_ABOUT THIS TASK:_ A verbatim copy of the data is wanted, minus any picture in it.

_GIVEN DATA:_
▬▬▬▬▬▬▬▬▬▬
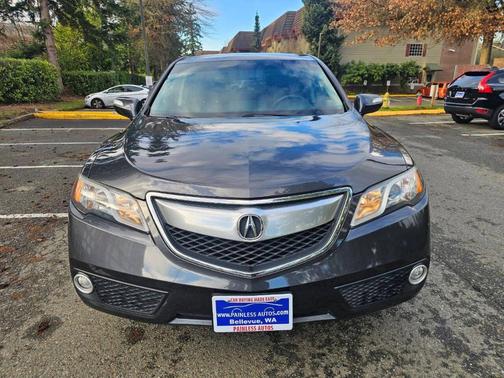 2015 Acura RDX Technology Package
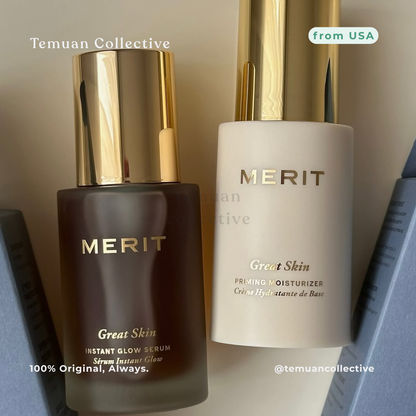 Merit Great Skin Instant Glow Serum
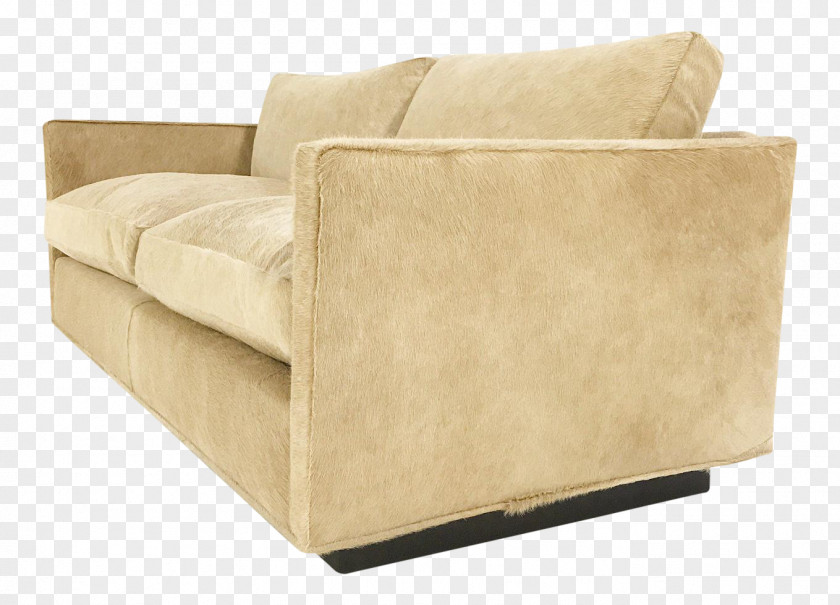 Chair Loveseat Couch Design Furniture PNG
▬▬▬▬▬▬▬▬▬▬
_TASK OUTPUT:_
 2015 Acura RDX Technology Package
 Merit Great Skin Instant Glow Serum
 Chair Loveseat Couch Design Furniture PNG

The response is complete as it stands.